Watch out: check the horizontal axis before reading a wave graph. The crest-to-crest spacing is λ only on a distance axis; on a time axis it is the period T.

§ 7.2 Transverse and longitudinal waves

Key ideas
  • Transverse: oscillations perpendicular to the energy travel (light, all EM waves, waves on strings).
  • Longitudinal: oscillations parallel to the travel (sound), forming compressions and rarefactions.
  • Only transverse waves can be polarised; this is the experimental test that distinguishes the two.
Watch out: a displacement-distance graph of a longitudinal wave still looks sinusoidal: the graph plots displacement along the travel direction. A sine-shaped graph does not prove a wave is transverse.

§ 7.3 Doppler effect for sound waves

Key ideas
  • When a sound source moves, the wavefronts bunch together ahead of it and stretch behind it; the wave speed in the air is unchanged.
  • An observer ahead of an approaching source hears a higher frequency; behind a receding source, a lower one.
Equations
fo = fs v / (v ∓ vs)minus for approach (higher f), plus for recession (lower f)Hz
source moves compressed ahead: higher f stretched behind: lower f
Fig. 2 · Each wavefront is centred where the source was when it was emitted, so the spacing shrinks ahead and grows behind: the observed frequency shifts.
Watch out: the sign lives in the denominator. Approaching means v − vs (smaller denominator, higher fo). If your "approaching" answer comes out lower than fs, the sign went the wrong way.

§ 7.4 Electromagnetic spectrum

Key ideas
  • Order of increasing frequency: radio, microwaves, infrared, visible, ultraviolet, X-rays, gamma.
  • All EM waves are transverse and travel at the same speed in free space (and approximately in air).
  • Visible light spans roughly 400 nm (violet) to 700 nm (red).
Equations
c = 3.0 × 10⁸ m s⁻¹the speed of every EM wave in free spacem s⁻¹
Watch out: wavelength boundaries are worth memorising in metres: 400 nm = 4 × 10⁻⁷ m.

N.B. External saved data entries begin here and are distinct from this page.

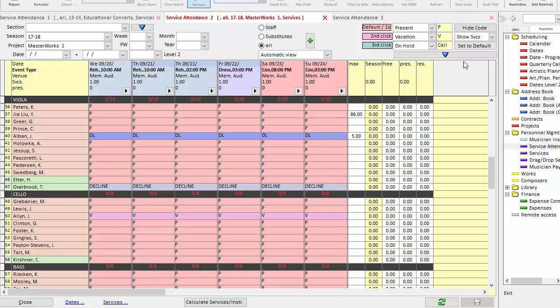In this video, we're going to look at some other options in the service attendance grid, and we're going to focus on settings that deal with musicians, how to tailor the grid to only see the people you want.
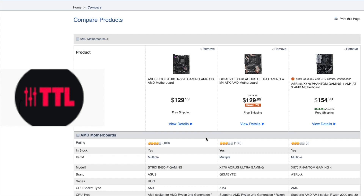I'm currently running the ASUS ROG Strix B450-F motherboard. After updating the BIOS to the latest version 2406, my mouse is not working at all in BIOS — I can only use the keyboard. In the AI Tweaker I can't overclock my Ryzen 5 3600, which is a big downside with the B450 motherboard. I did manage to overclock using AMD's Ryzen Master, but I run Hackintosh with my AMD build, and AMD doesn't provide Ryzen Master for macOS, so I can't overclock on macOS.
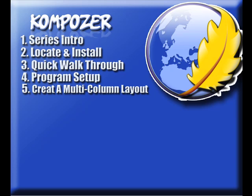Hello and welcome to this video series on Composer. In this video we're going to dive right into using some of the basic tools of Composer to create a single page website.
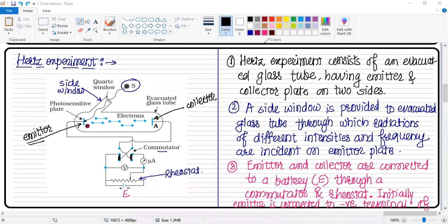The commutator or reversing key works by opening or closing a number of keys. By doing so, we can change the polarity of the emitter and collector.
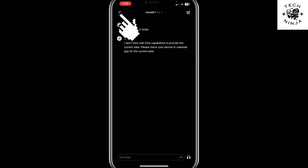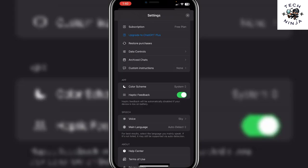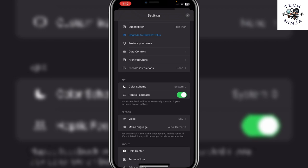Click the two lines on the top left corner. Now you simply have to click the three dots on the bottom right corner, and it's going to bring you to this menu. You can see that right now my subscription plan is a free plan. To upgrade to ChatGPT Plus, you have to click 'Upgrade to ChatGPT Plus' in this menu.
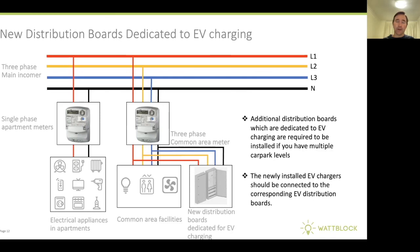Hope you've enjoyed this quick overview and background on some of the basic concepts around looking at capacity for electric vehicle charging in our Strata apartment buildings. Thank you.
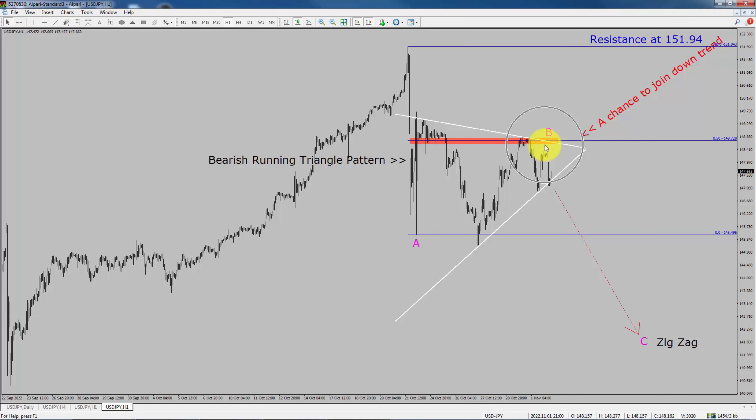To be more specific, the red color highlighted area offers a selling opportunity, which is the previous fourth wave of one lesser degree. Take note, you must always trade with money management rules to control risk.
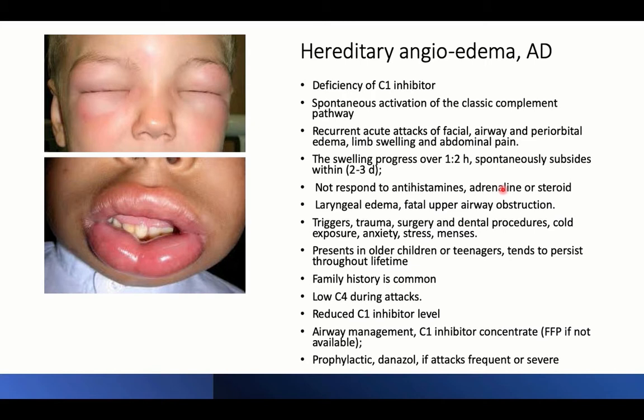The seriousness lies in laryngeal edema, which can be fatal due to upper airway obstruction. Triggers include trauma, surgery, dental procedures, cold exposure, anxiety, stress, and importantly menses as a trigger in females. It typically presents in older children and teenagers and tends to persist throughout lifetime. Family history is common as it is an autosomal dominant condition.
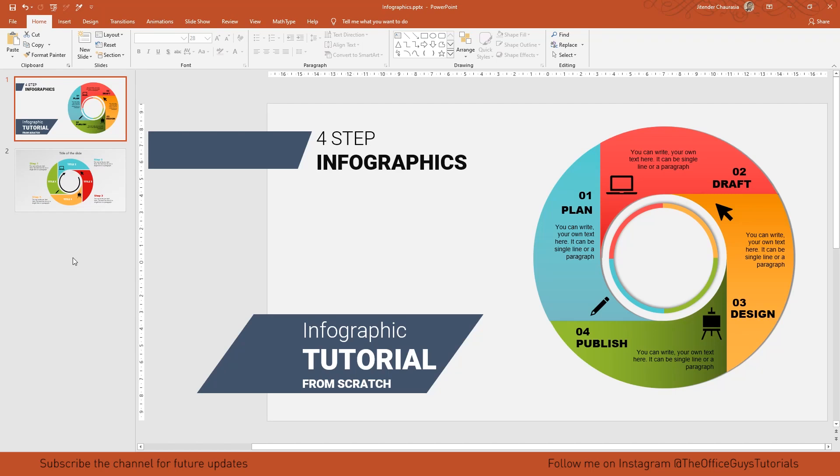Hello friends, welcome back to my channel. Today I'm going to show you how you can do this four-step infographic in just PowerPoint. So without any further ado, let's jump to the video.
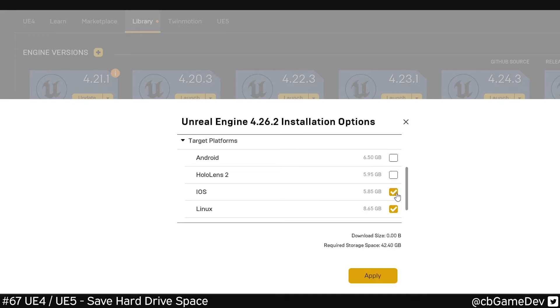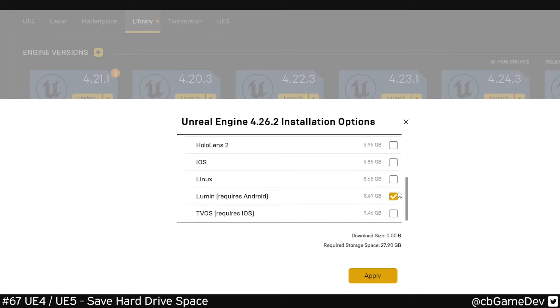If we go through and turn off some of these, you can see it's less than half what it was before, which is great.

Slipping a power of ten when converting nm is the usual way to lose this mark.

§ 7.5 Polarisation

Key ideas
  • A polarised wave oscillates in one plane only; polarisation is possible for transverse waves and impossible for longitudinal ones.
  • A polarising filter transmits the component of the oscillation along its axis; a second filter (the analyser) at angle θ cuts the intensity by cos²θ.
  • Crossed filters (θ = 90°) transmit nothing.
Equations
I = I0 cos²θMalus's law: transmitted intensity through the analyserW m⁻²
polariser analyser at θ I = I0 cos²θ unpolarised polarised
Fig. 3 · The polariser selects one plane; the analyser then passes only the component along its own axis, so the intensity falls to I0 cos²θ.
Watch out: cos²θ applies to intensity; the amplitude falls by cos θ. At θ = 60° the amplitude halves but the intensity drops to a quarter.